As a child, he was surrounded and inspired by the fantastic gypsy music recorded by his parents, Catherine and Marcel Cellier. At fourteen, he developed a passion for jazz piano, improvisation and composition with François Lindemann. He continued his studies at the Lausanne Conservatory with Christian Favre. Since 1982, he has played in various formations and has composed for dance, theatre, storytelling, and film. In 1987, he met Jean Duperrex with whom he composes and improvises for the Ecole de Theatre Diggelman. Together, they created the "Bricomic" show which is still very popular at school plays, private parties and in a variety of unusual settings.

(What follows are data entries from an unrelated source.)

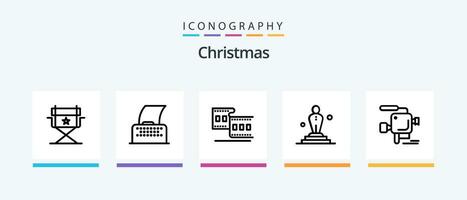 Noël ligne 5 icône pack comprenant Noël. temps. le père Noël. vacances. Noël. Créatif Icônes conception vecteur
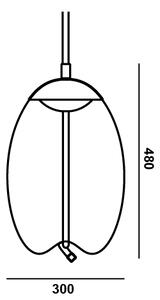 Brokis PC01018_004 Knot Uovo, závěsné svítidlo, šedé kouřové sklo - černý chrom, 14W LED 2700K stmívatelné, prům.30cm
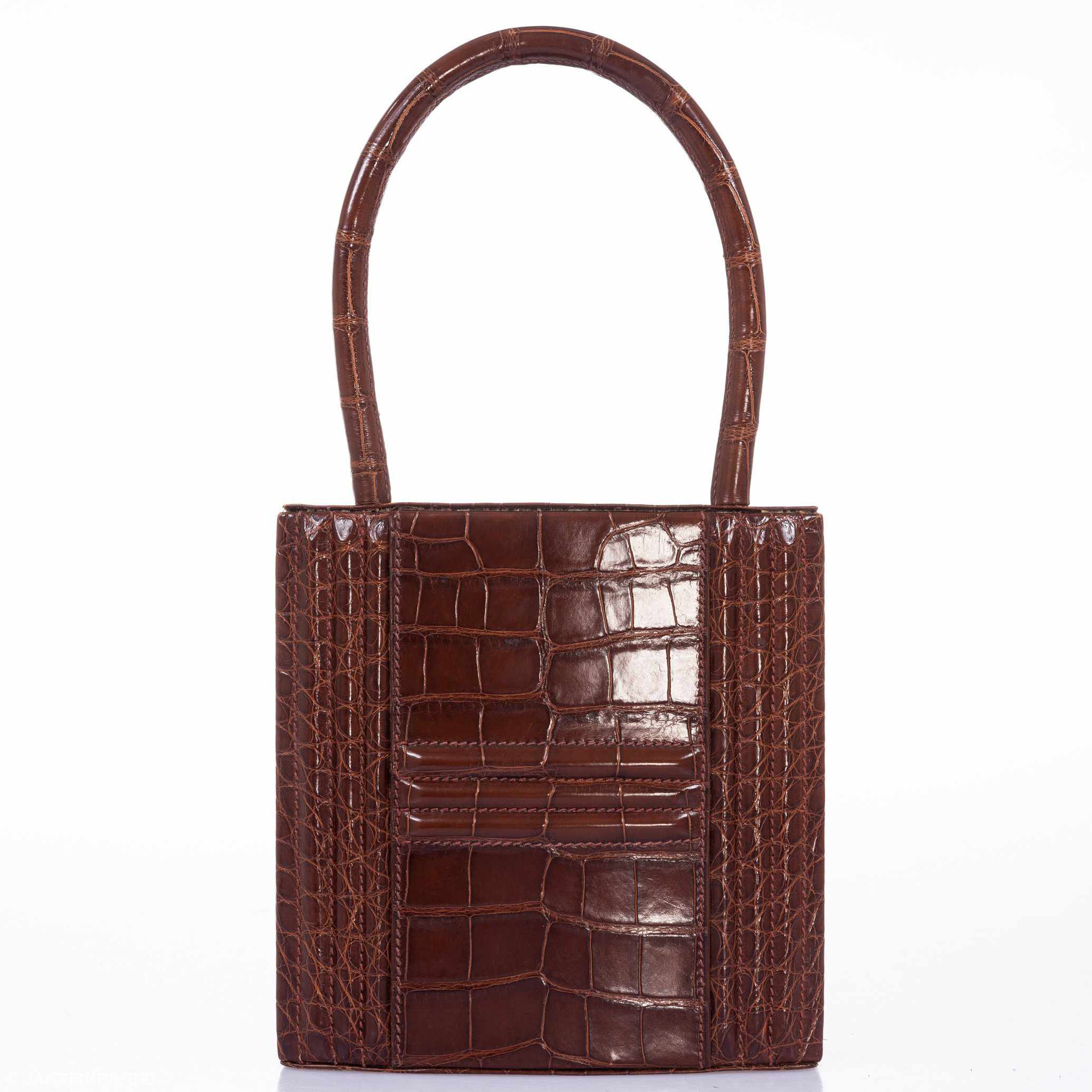 Hermès Cadena Bag Shiny Ebene Alligator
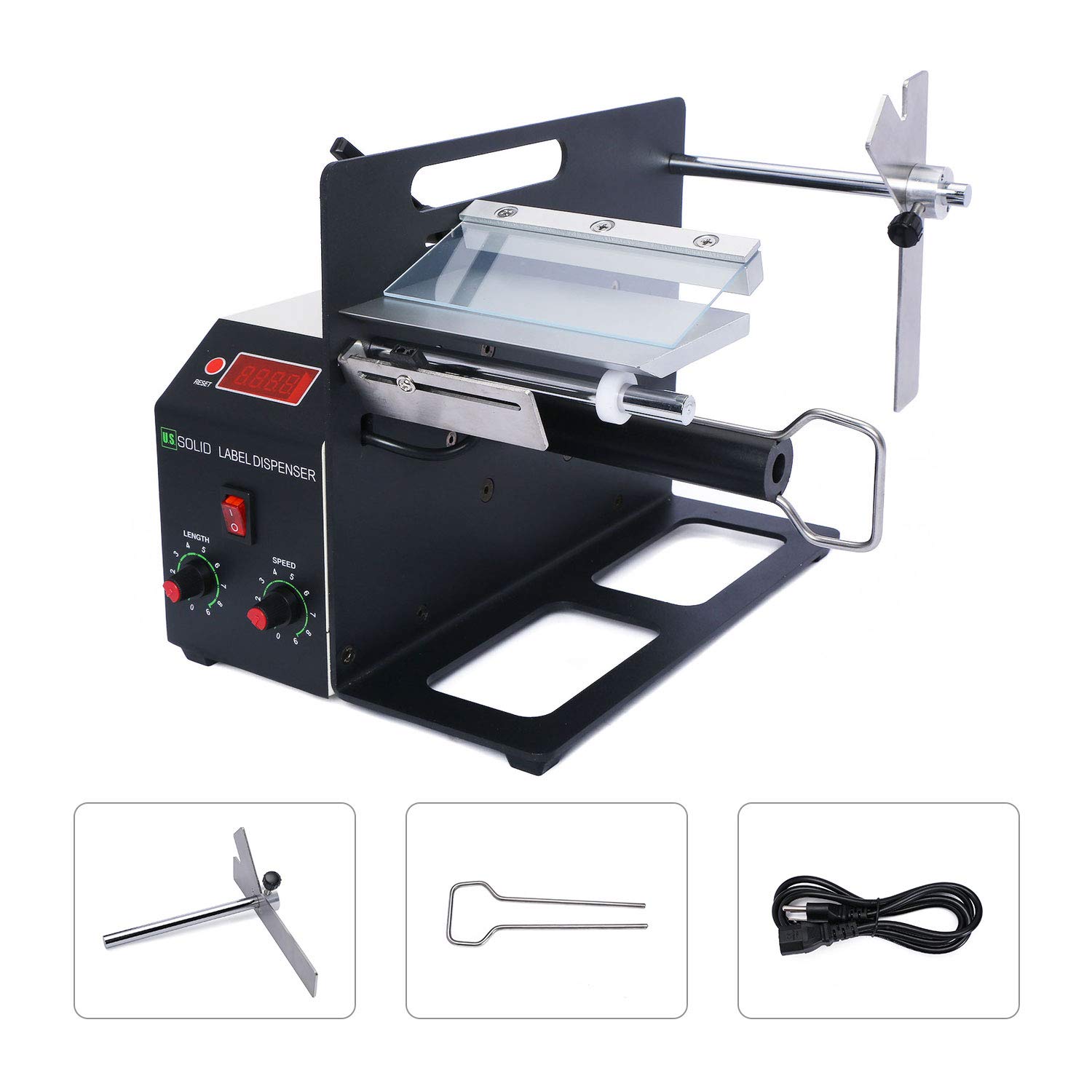 U.S. Solid Automatic Label Dispenser Machine - 120mm Width Industrial Label Applicator for Printed, Clear & Opaque Labels - Desktop Labeling Solution for Warehouses, Retail & Shipping Departments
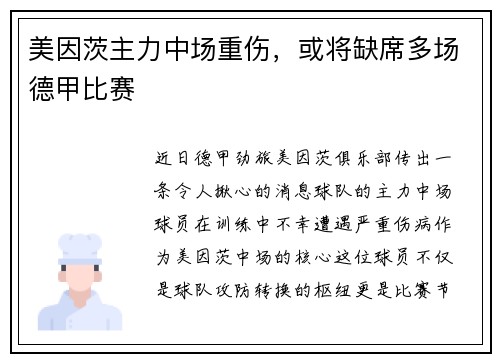 美因茨主力中场重伤，或将缺席多场德甲比赛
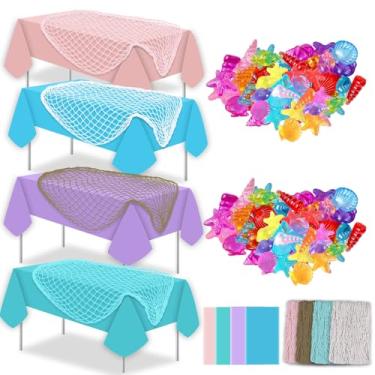 Imagem de Conjunto de 8 peças de toalha de mesa decorativa de rede de peixe, toalhas de mesa de plástico ondas do oceano, rede de peixe de algodão, enchimento de conchas de plástico sob o mar para decoração de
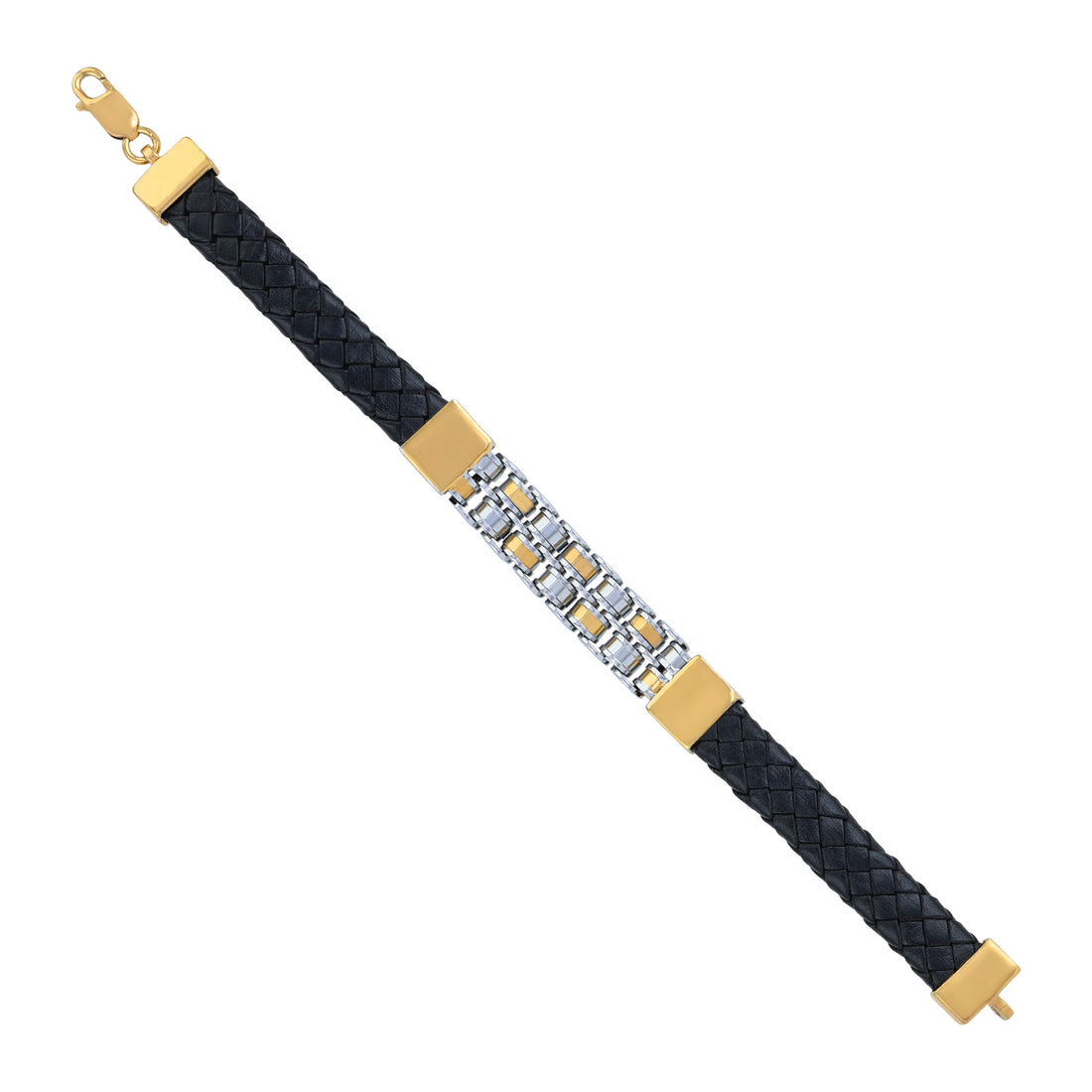 925 Sterling Silver Dual Tone Grid Link Jet Black Leather Weave Bracelet for Men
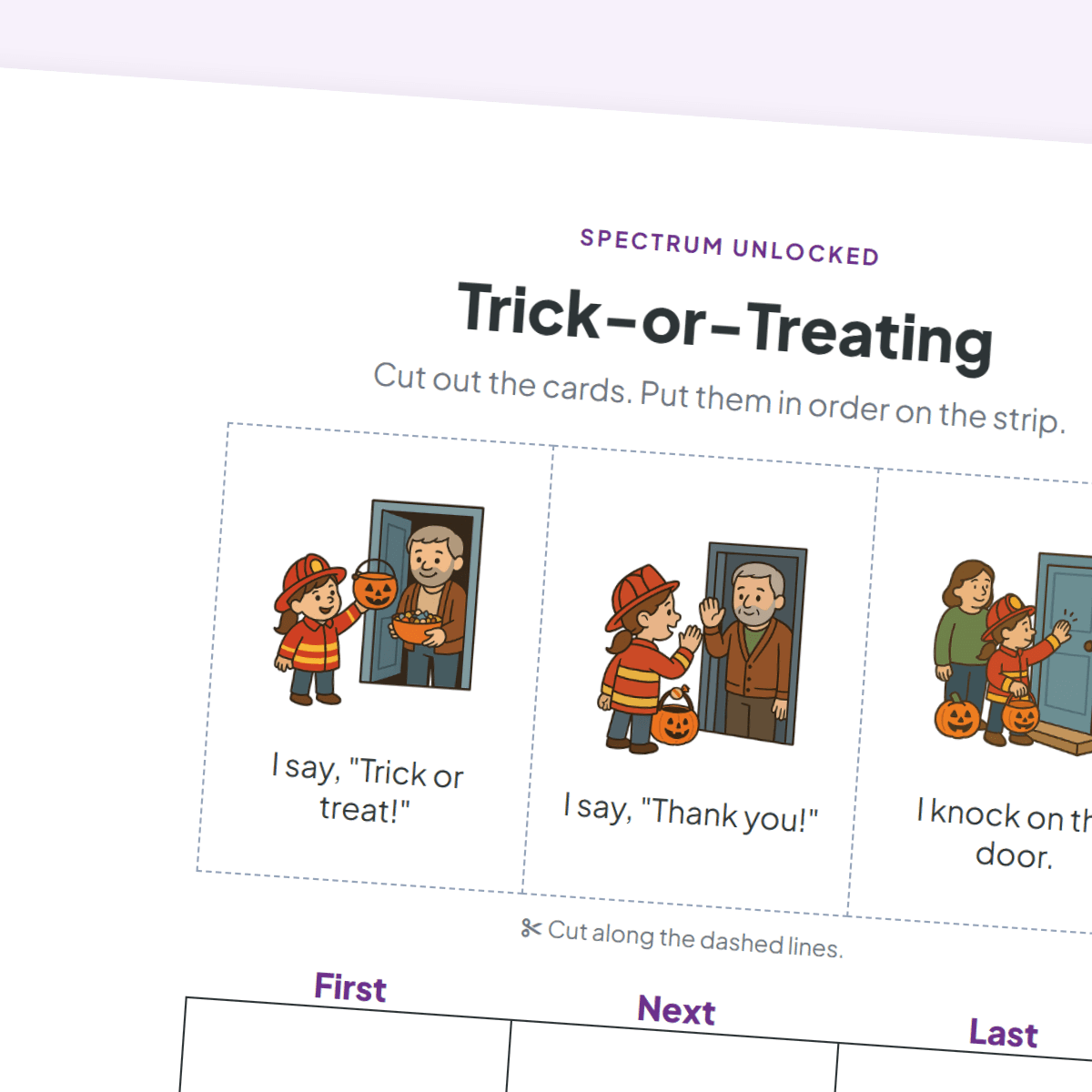 Gentle 3-step Trick-or-Treating sheet with three picture cards and a First, Next, Last strip
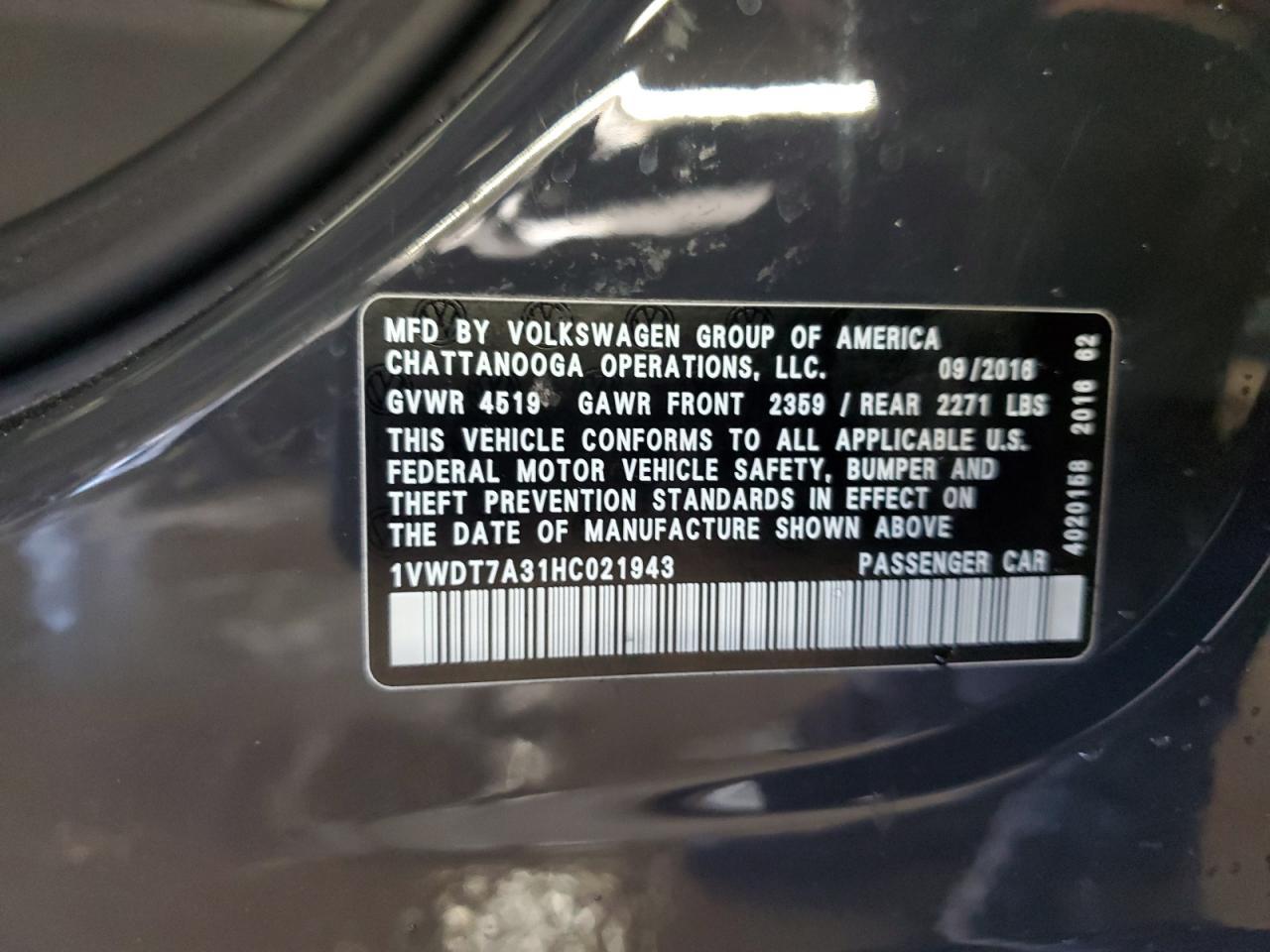 2017 Volkswagen Passat R-line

In 1991, at the Montreux Jazz Festival, Alexandre became fascinated by the balafon and djembe played by Les Frères Coulibaly, just before Le Mystère des voix bulgares. After four exploratory journeys, he created a book with CD about percussion and the musical life of Burkina Faso. In 2000 during Trinidad’s carnival, he discovered the Caribbean steel pan, and learnt to play it. A gypsy at heart, he continued his musical training in Brazil, Louisiana, Eastern Europe and Australia. On every occasion the musical Sesame has opened unimaginable doors and allowed magical encounters between the composer, the performer, the presenter, and the music. Alexandre Cellier is involved in different projects with musicians like Antoine Auberson, Annick Rody, Aurelie Tropez, Ion Miu, Evan Christopher, André-Daniel Meylan, Maria de la Paz, William Fierro, Ulrich Herkenhoff, Oliver Grosclaude, Cyril Regamey, Julie Sicre, Jean-Baptiste Buisson, and he also plays solo. Alexandre’s obsession is transforming everyday objects into musical instruments.